Jerome Tuccille and former Goldwater speechwriter Karl Hess, unfamiliar
names to me at the time, are identified as leading publicists and
pamphleteers for the movement and their writings cited for their
defense of radical libertarianism. More significantly, from the
standpoint of my academic interests, the article refers to "economists
of the Austrian School" a school I had never been introduced
to in my two-and-half years as an undergraduate economics major
as having demonstrated that recessions and depressions were
not inherent defects of the free market but the result of government
and central bank manipulation of the money supply.
The article
later quotes a passage from Man,
Economy, and State by Murray N. Rothbard, explaining why
state management of an economy deprived of market prices is inevitably
chaotic. As with the Austrian School in general, I had never heard
Rothbard's name mentioned by any of my economics professors and
had no idea who he was. By the time I finished reading the article
I had been converted to the pure libertarian position a position
the authors designated by the then-novel term anarchocapitalism
and my curiosity about Austrian economics had been piqued.
Back at the
YAF office I mentioned my discovery of Austrian economics to my
comrades. Shortly thereafter, one of them, Gerald Uba, produced
and placed in my hands an odd-sized "minibook" (measuring
3.75" by 5") written by Rothbard and entitled Depressions:
Their Cause and Cure. After reading Rothbard's 30 pages
of clear and scintillating prose, I knew I had learned more in one
hour about business cycles or "macroeconomic fluctuations"

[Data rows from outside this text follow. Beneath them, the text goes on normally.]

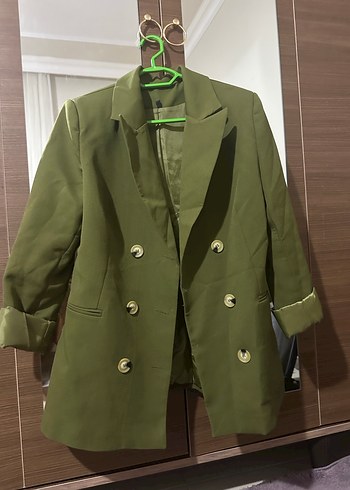 Kadın Haki Düğmeli Midi Blazer Ceket - Görsel 4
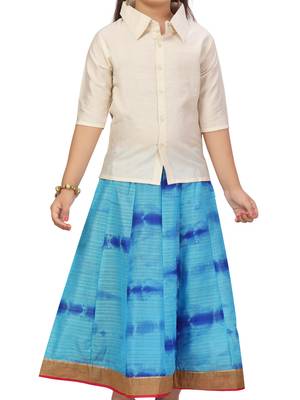 Turquoise plain silk stitched lehenga 4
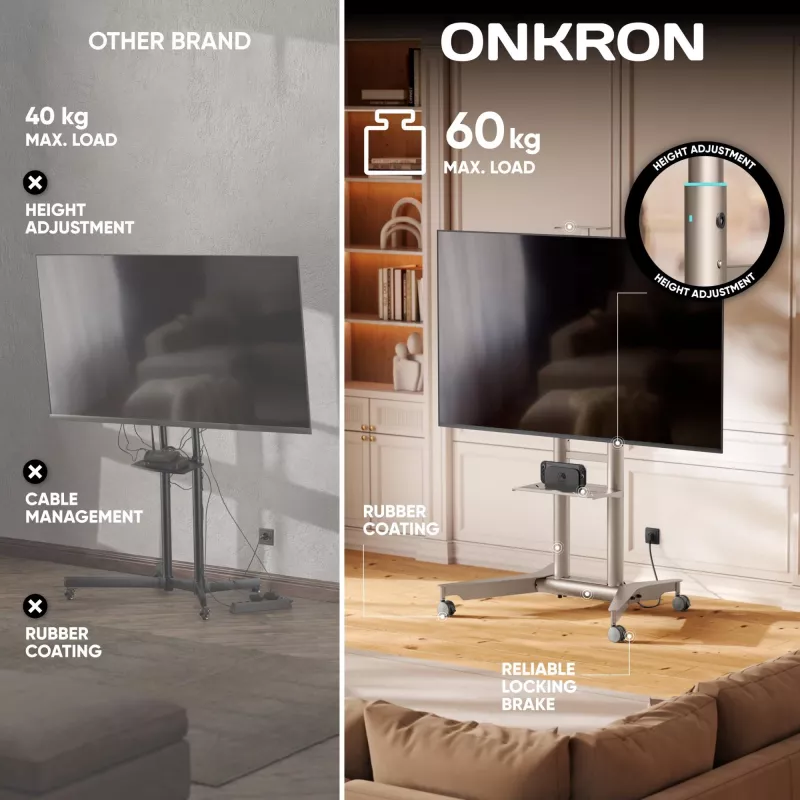 ONKRON TS1571-C Supporto TV mobile da 32-75 pollici, champagne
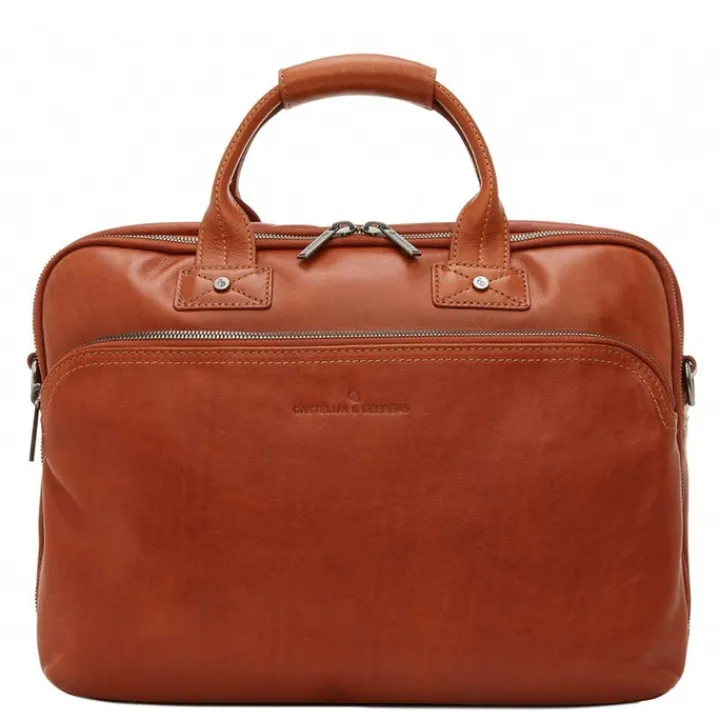 Herentassen|15.6 Inch Laptoptassen>Castelijn & Beerens Firenze Business Laptoptas 15.6" 3 vaks licht bruin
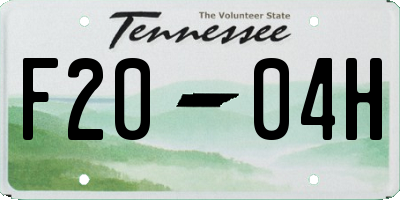 TN license plate F2004H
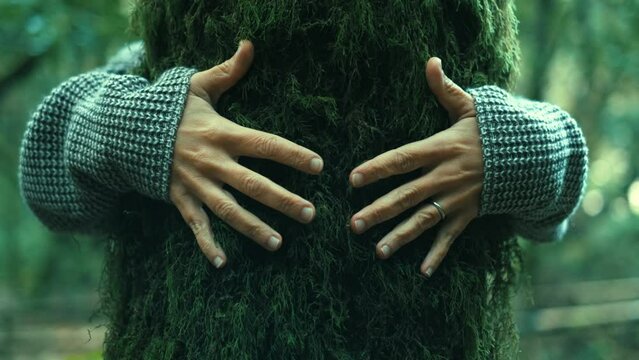 Nature lover hugging trunk tree with green musk in tropical woods forest. Green natural background. Concept of people love nature and protect from deforestation or pollution or climate change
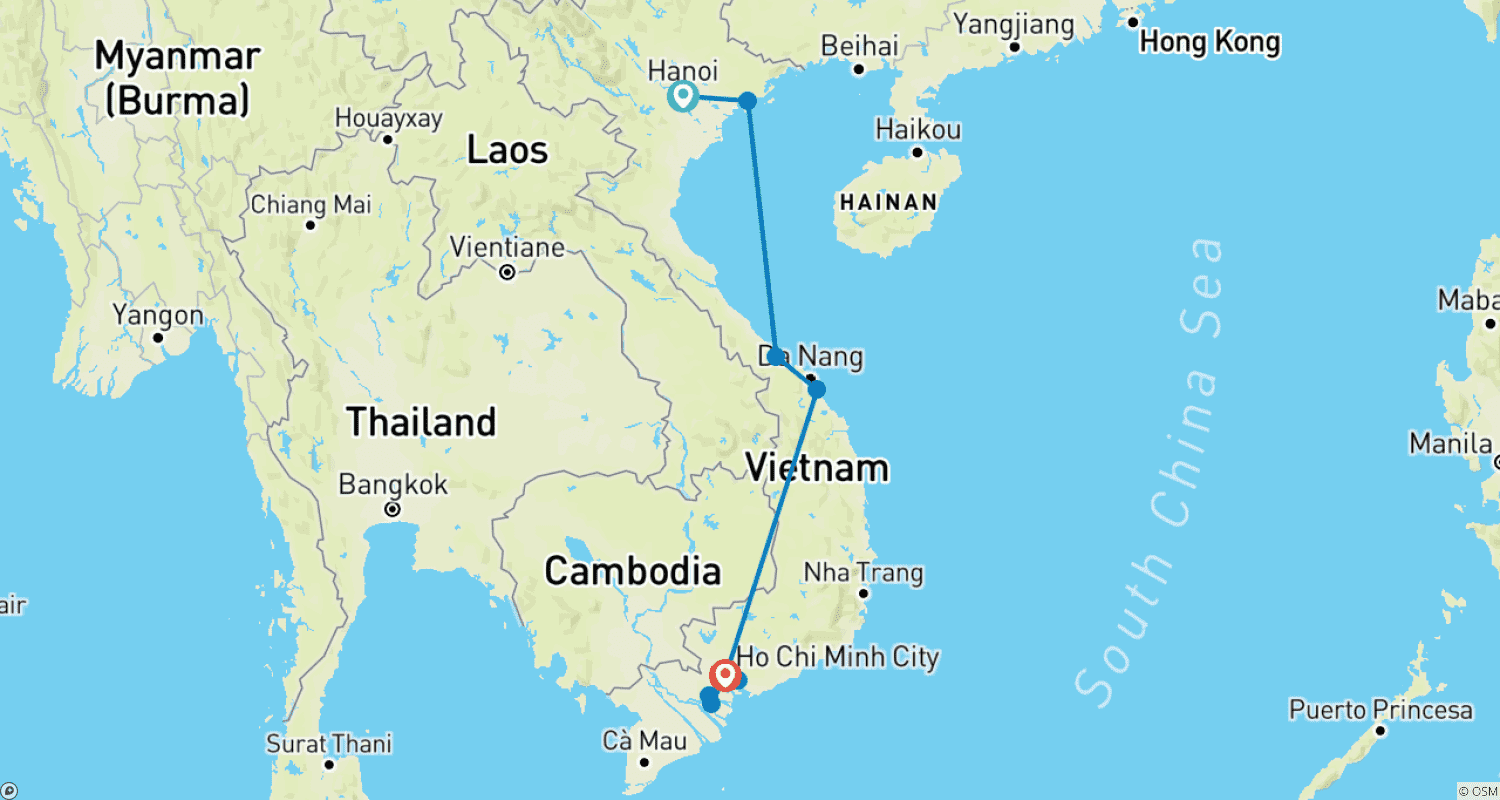 Mapa do percurso de 11 Dias: Vislumbre do Vietnã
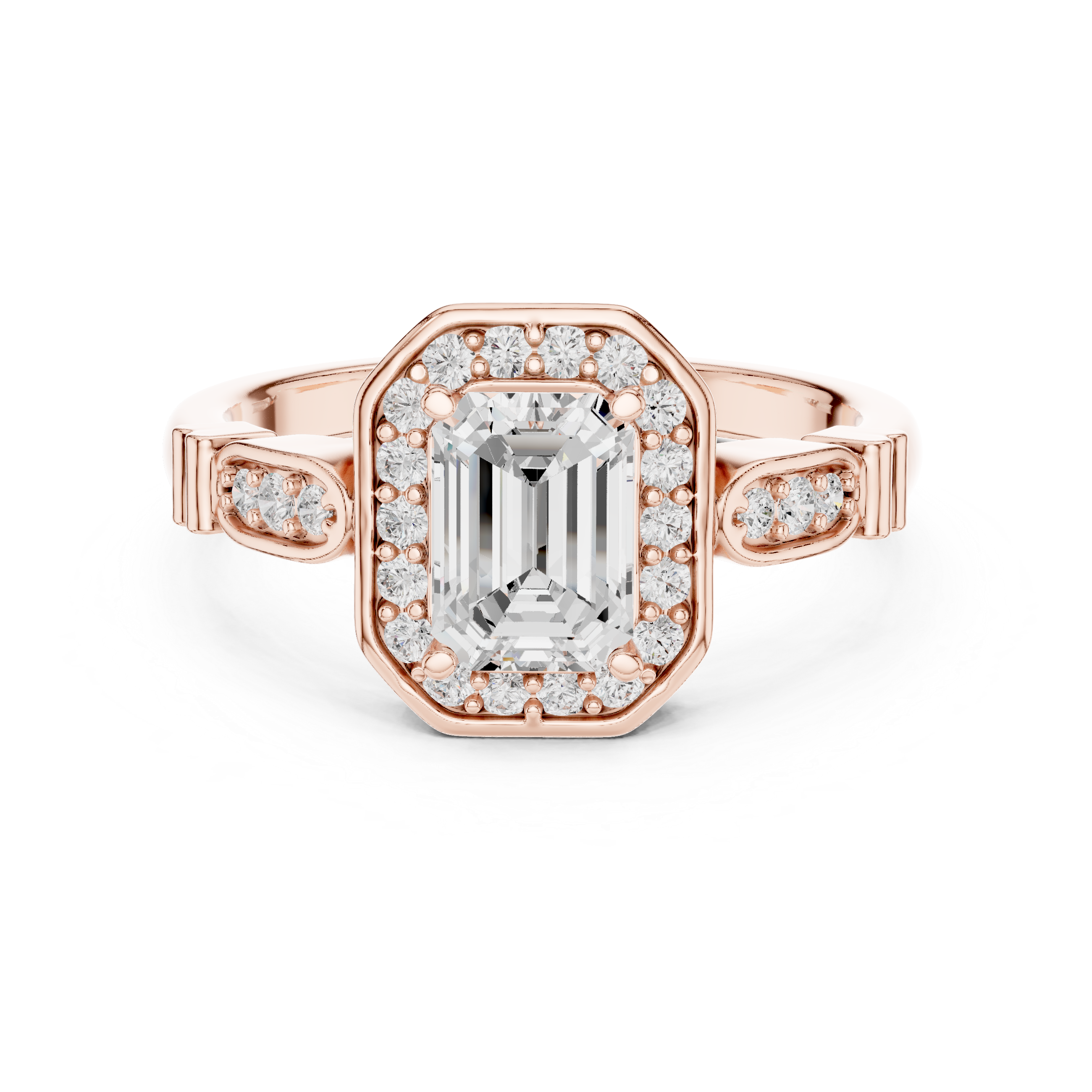 Emerald Cut Halo Engagement Ring – Vintage Inspired Diamond Bridal Ring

than I had absorbed from two semesters of listening to lectures
in Principles of Macroeconomics and Intermediate Macroeconomics
and of poring over the jargon-filled, opaquely written, deadly dull
textbooks assigned in these courses. Moreover, my deep interest
in economics was now transformed into a burning passion for the
subject.
Serendipitously,
in the same semester that I was introduced to Rothbard and modern
Austrian business-cycle theory, I was enrolled in a history-of-economic-thought
course taught by Robert Cheney, SJ. Father Cheney was a superb,
if somewhat low-key, teacher and near the end of the course he introduced
the topic of the marginalist revolution. Referring to the early
Austrians Carl
Menger, Eugen
von Böhm-Bawerk, and the latter's brother-in-law, Friedrich
von Wieser he characterized the formation of the Austrian
School as a "unique event" in intellectual history. Never
before, he declared, had such brilliant men worked so closely together
to develop a common approach to economic phenomena. Father Cheney's
enthusiastic endorsement of the older Austrian School further bolstered
my interest in learning more about the school.
As soon as
I arrived back home that summer I began to devour all the libertarian
and Austrian books I could lay my hands on. Through my local bookstore
I ordered Jerome Tuccille's Radical
Libertarianism: A Right Wing Alternative. Although some
of its illustrations are now a bit dated and it contains a few minor
"lifestyle libertarian" confusions and deviations, it
served, and still serves, as a compelling introduction to the radical-libertarian
philosophy and movement.
I next began
to scour public libraries in the suburbs of central New Jersey for
books by Rothbard and the two Austrian business-cycle theorists
he had referred to in his booklet, Mises and Hayek. Needless to
say, I did not have much luck at first. Desperate, I then decided
to venture into the Plainfield Public Library. Plainfield was a
small city that, like Newark, had been torn by race riots in 1967.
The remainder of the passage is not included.